Under the hood, HAL uses token-level matching rather than pattern-matching against raw command strings. Commands are split into structured tokens, so data inside quotes (like commit messages containing `rm -rf`) is never inspected. No false positives, no configuration.

```
"git commit -m 'fix rm -rf detection'"
  → tokens: ["git", "commit", "-m", "fix rm -rf detection"]
  → rule: command=git, has_all=[reset, --hard]
  → "reset" not in tokens → ALLOWED
  → The commit message is one opaque token. HAL never looks inside it.
```

## Install

```bash
pip install openhal
```

### GitHub Copilot (default)

```bash
hal install
```

Writes `.github/hooks/hal.json` in your repo. Commands are checked before Copilot runs them.

### Claude Code

```bash
hal install --claude            # global (~/.claude/settings.json)
hal install --claude --project  # project-level (.claude/settings.json)
```

## Usage

```bash
# Hook mode (default) — reads stdin JSON from agent, evaluates, responds
hal

# Test a command interactively
hal test "git reset --hard"        # BLOCKED
hal test "git commit -m 'fix'"     # ALLOWED
hal test "sudo rm -rf /"           # BLOCKED
hal test "rm -rf node_modules"     # ALLOWED
```

## Packs

HAL ships with five rule packs covering the most dangerous commands:

| Pack | Covers |
|------|--------|
| `core.git` | `reset --hard`, `push --force`, `clean -f`, `stash clear`, `branch -D`, etc. |
| `core.filesystem` | `rm -rf` (except safe paths like `/tmp`, `node_modules`), `chmod 777`, `chown -R` |
| `containers.docker` | `system prune -a`, `volume prune`, `rm -f`, `stop $(docker ps)`, `compose down -v` |
| `cloud.aws` | `s3 rm --recursive`, `ec2 terminate`, `rds delete`, `dynamodb delete-table`, `iam delete-*` |
| `cloud.azure` | `group delete`, `vm delete`, `storage account delete`, `aks delete`, `keyvault purge` |

All packs enabled by default. No configuration required.

## Configuration

`~/.config/hal/config.yaml` (optional):

```yaml
packs: [core.git, core.filesystem, containers.docker, cloud.aws, cloud.azure]
allow: []                # Exact commands to always allow
allow_rules: []          # Rule IDs to disable (e.g. "core.git:push-force")
allow_prefixes: []       # Command prefixes to allow
severity_threshold: high # Block at this level and above
```

Project-level overrides: `.hal.yaml` in your repo root (merged with global, project wins).

## Design principles

- Fail-open everywhere. Any error defaults to ALLOW. HAL should never block legitimate work.
- Token-level matching. No regex needed for 90% of rules. Regex is an escape hatch, not the default.
- Sub-millisecond. Pure Python, no network calls, no disk I/O beyond config load.
- No config required.
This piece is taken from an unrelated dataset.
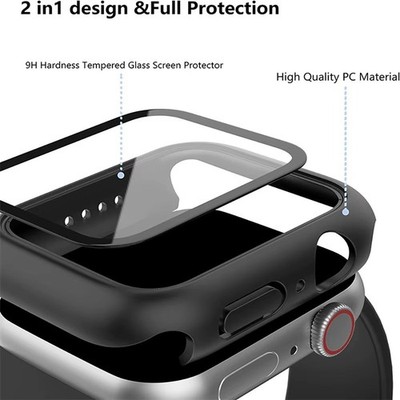 For Apple Watch Serie9/8/7 iWatch 9H HD Case Cover Full Screen Protector 41/45mm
Works out of the box with all packs enabled.
- ~400 lines of code. Same protection as tools 100x the size, because the architecture is right.

## Contributing

HAL is open source and contributions are welcome. The best ways to help:

- **Add rules to existing packs.** Found a destructive command we don't cover? Add it to the relevant YAML file in `packs/`. Rules are plain YAML — no code required.
- **Write a new pack.** Kubernetes, Terraform, GCP, databases — if your team uses it and agents can break it, it belongs here. See `packs/core.git.yaml` for the format.
- **Report false positives.** If HAL blocks something it shouldn't, open an issue. Token matching eliminates most false positives, but edge cases exist.
- **Report bypasses.** If you find a destructive command HAL misses, that's a bug. We want to know.

Check the [open issues](https://github.com/otherland/hal/issues) for things already planned.

## License

MIT License. See [LICENSE](LICENSE) for details.